Abstract

Good glottic exposure is a prerequisite for a good microlaryngeal surgery. Often this is difficult to predict preoperatively. This study aims to evaluate the utility of office-based rigid laryngoscopy (70°) as a screening tool to predict laryngeal exposure during micro laryngoscopy. Sixty-nine patients underwent office-based rigid laryngeal examination followed by micro laryngoscopic surgery for benign vocal cord lesions. Office-based laryngoscopy was classified as grade 1 when the entire glottis with anterior commissure (AC) was visualized without undue traction of tongue; grade 2 when AC was visualized only during phonation and with some traction of tongue and grade 3 when there is an inability to visualise the glottis adequately despite moderate traction of tongue and the examination was completed using a flexible scope. These were correlated with laryngeal exposure during micro laryngoscopy. 42 patients were categorized as grade 1 out of which 39 (93%) had a favourable laryngeal exposure (class 1) while only 3 (7%) had a partially favourable exposure (class 2). 18 patients were categorized as grade 2 out of which 12(66%) had a favourable exposure (class 1) as against 6 (33%) who had a partially favourable exposure (class 2).
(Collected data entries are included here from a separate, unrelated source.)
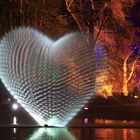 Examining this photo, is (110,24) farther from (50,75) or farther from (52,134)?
(52,134)

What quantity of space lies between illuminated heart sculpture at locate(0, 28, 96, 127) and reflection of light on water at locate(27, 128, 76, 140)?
1.78 ft

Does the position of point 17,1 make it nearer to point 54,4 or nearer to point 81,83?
point 54,4

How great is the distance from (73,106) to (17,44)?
3.51m

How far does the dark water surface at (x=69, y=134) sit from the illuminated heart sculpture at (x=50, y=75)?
804 millimetres

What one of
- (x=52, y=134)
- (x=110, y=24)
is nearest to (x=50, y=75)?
(x=52, y=134)

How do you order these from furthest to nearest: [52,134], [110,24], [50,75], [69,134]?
[110,24] → [50,75] → [69,134] → [52,134]

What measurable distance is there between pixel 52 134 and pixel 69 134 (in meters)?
0.66

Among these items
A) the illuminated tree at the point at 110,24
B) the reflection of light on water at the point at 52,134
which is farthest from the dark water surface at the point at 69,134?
the illuminated tree at the point at 110,24

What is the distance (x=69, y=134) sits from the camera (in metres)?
21.6

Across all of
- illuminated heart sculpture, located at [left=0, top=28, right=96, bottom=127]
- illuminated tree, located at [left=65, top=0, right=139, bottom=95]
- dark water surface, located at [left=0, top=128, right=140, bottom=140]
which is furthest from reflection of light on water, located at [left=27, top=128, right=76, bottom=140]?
illuminated tree, located at [left=65, top=0, right=139, bottom=95]

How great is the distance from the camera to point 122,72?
2106 inches

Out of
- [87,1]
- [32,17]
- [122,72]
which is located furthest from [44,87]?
[122,72]

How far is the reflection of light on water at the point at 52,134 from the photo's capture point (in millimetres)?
20002

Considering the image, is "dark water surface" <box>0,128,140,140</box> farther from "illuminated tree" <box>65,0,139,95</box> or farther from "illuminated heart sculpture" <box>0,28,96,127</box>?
"illuminated tree" <box>65,0,139,95</box> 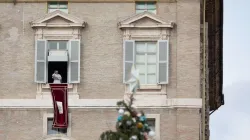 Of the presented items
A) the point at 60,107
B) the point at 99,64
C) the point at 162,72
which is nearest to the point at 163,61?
the point at 162,72

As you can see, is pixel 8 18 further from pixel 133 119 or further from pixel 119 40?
pixel 133 119

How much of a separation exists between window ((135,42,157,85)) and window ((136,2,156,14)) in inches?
64.1

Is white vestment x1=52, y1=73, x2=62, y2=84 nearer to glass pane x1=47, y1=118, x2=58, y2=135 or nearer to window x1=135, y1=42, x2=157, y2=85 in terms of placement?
glass pane x1=47, y1=118, x2=58, y2=135

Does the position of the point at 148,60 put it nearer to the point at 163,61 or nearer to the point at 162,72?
the point at 163,61

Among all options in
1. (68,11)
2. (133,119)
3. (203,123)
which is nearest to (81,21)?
(68,11)

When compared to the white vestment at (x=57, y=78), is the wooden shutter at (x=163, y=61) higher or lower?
higher

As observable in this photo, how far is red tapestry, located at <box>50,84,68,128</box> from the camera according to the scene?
89875 millimetres

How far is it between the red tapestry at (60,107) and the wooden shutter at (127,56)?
2964mm

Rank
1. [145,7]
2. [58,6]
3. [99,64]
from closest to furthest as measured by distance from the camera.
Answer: [99,64] < [145,7] < [58,6]

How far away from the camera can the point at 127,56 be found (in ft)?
296

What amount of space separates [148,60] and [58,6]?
4.96m

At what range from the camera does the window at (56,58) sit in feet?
295

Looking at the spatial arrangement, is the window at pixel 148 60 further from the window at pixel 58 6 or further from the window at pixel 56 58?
the window at pixel 58 6

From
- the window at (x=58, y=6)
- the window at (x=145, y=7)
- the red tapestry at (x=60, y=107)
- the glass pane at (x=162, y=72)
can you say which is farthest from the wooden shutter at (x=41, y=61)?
the glass pane at (x=162, y=72) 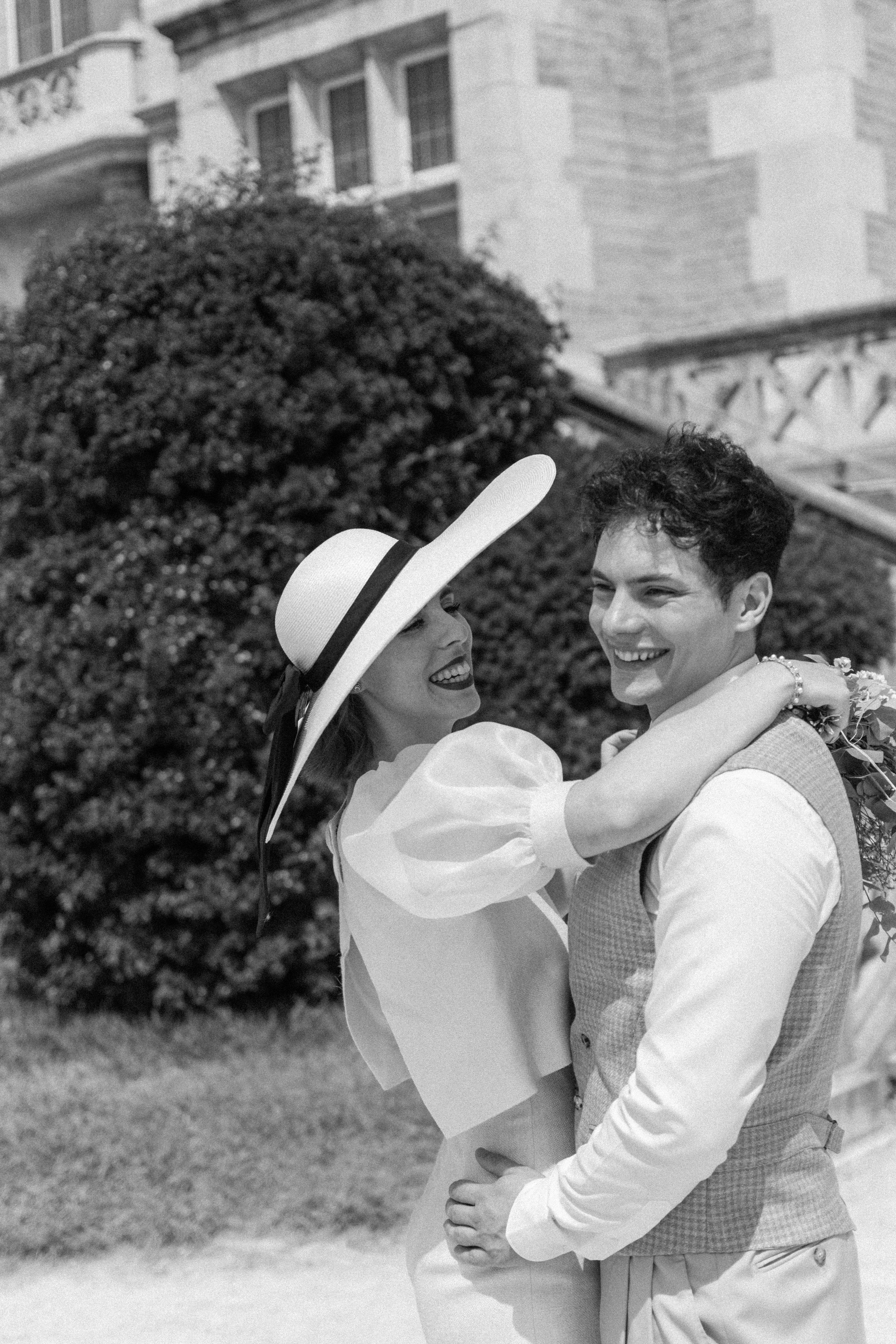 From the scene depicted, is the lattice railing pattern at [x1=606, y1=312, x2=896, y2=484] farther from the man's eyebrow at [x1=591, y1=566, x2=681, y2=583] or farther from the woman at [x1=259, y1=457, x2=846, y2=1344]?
the man's eyebrow at [x1=591, y1=566, x2=681, y2=583]

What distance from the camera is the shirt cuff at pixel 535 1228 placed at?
195 centimetres

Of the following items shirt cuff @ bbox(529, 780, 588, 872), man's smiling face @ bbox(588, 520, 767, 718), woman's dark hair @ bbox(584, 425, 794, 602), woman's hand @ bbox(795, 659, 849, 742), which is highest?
woman's dark hair @ bbox(584, 425, 794, 602)

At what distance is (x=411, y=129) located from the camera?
1306 cm

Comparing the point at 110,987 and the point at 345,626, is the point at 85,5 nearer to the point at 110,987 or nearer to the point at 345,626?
the point at 110,987

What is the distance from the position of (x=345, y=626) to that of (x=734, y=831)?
2.32 ft

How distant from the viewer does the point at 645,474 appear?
1.98 metres

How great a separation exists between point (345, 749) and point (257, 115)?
12598 millimetres

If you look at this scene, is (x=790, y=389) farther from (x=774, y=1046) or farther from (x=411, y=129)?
(x=774, y=1046)

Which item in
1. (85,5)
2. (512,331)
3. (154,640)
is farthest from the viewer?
(85,5)

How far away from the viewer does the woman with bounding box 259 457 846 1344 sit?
6.48 ft

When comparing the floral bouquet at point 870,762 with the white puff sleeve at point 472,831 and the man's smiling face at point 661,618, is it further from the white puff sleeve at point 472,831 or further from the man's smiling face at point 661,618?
the white puff sleeve at point 472,831

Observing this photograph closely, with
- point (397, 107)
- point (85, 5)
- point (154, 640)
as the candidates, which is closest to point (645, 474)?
point (154, 640)

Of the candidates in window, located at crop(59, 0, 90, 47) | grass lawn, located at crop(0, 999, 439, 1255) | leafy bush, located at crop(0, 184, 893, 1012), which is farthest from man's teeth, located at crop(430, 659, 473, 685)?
window, located at crop(59, 0, 90, 47)

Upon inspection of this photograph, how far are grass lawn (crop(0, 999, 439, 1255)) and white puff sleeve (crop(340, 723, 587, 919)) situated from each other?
10.0ft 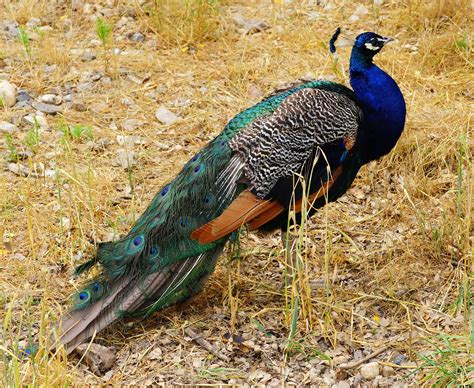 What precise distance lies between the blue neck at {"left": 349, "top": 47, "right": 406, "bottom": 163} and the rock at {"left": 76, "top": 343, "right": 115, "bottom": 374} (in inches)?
51.3

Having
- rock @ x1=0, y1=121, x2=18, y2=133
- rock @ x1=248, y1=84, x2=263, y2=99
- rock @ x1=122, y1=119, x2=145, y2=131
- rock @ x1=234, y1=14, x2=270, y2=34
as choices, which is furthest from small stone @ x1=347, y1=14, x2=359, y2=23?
rock @ x1=0, y1=121, x2=18, y2=133

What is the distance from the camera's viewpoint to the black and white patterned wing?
3154 millimetres

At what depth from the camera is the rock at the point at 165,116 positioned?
4570mm

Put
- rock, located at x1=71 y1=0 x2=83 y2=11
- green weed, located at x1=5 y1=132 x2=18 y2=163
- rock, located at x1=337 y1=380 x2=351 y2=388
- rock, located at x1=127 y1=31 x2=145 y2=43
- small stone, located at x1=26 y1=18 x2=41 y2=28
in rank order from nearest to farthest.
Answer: rock, located at x1=337 y1=380 x2=351 y2=388 → green weed, located at x1=5 y1=132 x2=18 y2=163 → rock, located at x1=127 y1=31 x2=145 y2=43 → small stone, located at x1=26 y1=18 x2=41 y2=28 → rock, located at x1=71 y1=0 x2=83 y2=11

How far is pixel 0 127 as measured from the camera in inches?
173

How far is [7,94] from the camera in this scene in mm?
4570

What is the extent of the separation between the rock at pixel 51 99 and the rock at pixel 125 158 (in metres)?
0.61

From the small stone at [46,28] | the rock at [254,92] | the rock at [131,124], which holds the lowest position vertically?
the rock at [131,124]

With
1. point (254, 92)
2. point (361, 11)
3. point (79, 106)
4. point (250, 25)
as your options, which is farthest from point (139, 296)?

Nine of our patients were categorized as grade 3 out of which all 9 (100%) had an unfavourable exposure (class 3) requiring angled tele laryngoscopy to complete the surgery. A strong correlation between office-based laryngoscopic grading and exposure during operative laryngoscopy was obtained statistically (Cramer's V test, V = 0.746). Office examination with a 70° telescope is a good predictor of glottic exposure during micro laryngoscopy. We believe that the ease of performing a micro laryngoscopy in the operating room is directly proportional to the ease of doing laryngoscopy in the office.